We consider termination of the STRS with no additional rule schemes:

  Signature: cons     :: b -> c -> c
             leaf     :: a -> b
             mapt     :: (a -> a) -> b -> b
             maptlist :: (a -> a) -> c -> c
             nil      :: c
             node     :: c -> b

  Rules: mapt(F, leaf(Y)) -> leaf(F(Y))
         mapt(G, node(V)) -> node(maptlist(G, V))
         maptlist(I, nil) -> nil
         maptlist(J, cons(X1, Y1)) -> cons(mapt(J, X1), maptlist(J, Y1))

The system is accessible function passing by a sort ordering with b = c ≻ a.

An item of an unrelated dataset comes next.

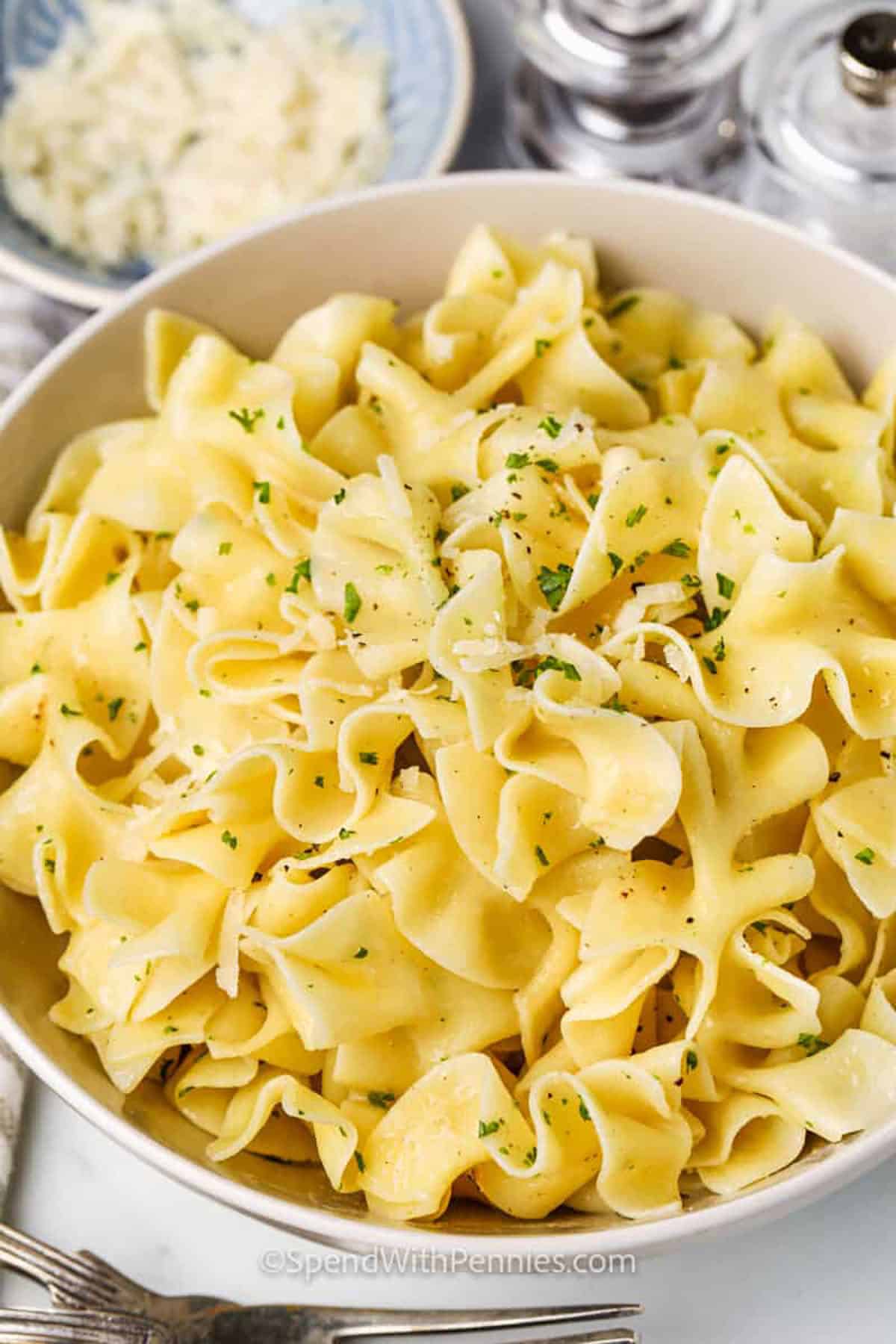 Buttered noodles bring simple, homemade comfort to the table in minutes. Delicious egg pasta is tossed in buttery goodness with garlic and fresh parsley for flavor. Add a sprinkle of Parmesan if you like it cheesy. Quick to make on the stovetop and easy to season, this is one of the best side dishes for everything from roasts to grilled chicken. #spendwithpennies bowl of Buttered Noodles with parmesan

We start by computing the initial DP problem D1 = (P1, R, i, c), where:

  P1. (1) mapt#(G, node(V)) => maptlist#(G, V)
      (2) maptlist#(J, cons(X1, Y1)) => mapt#(J, X1)
      (3) maptlist#(J, cons(X1, Y1)) => maptlist#(J, Y1)

***** We apply the Subterm Criterion Processor on D1 = (P1, R, i, c).

We use the following projection function:

  nu(mapt#)     = 2
  nu(maptlist#) = 2

We thus have:

  (1) node(V)      |>| V
  (2) cons(X1, Y1) |>| X1
  (3) cons(X1, Y1) |>| Y1

All DPs are strictly oriented, and may be removed.  Hence, this DP problem is finite.

Processor output: { }.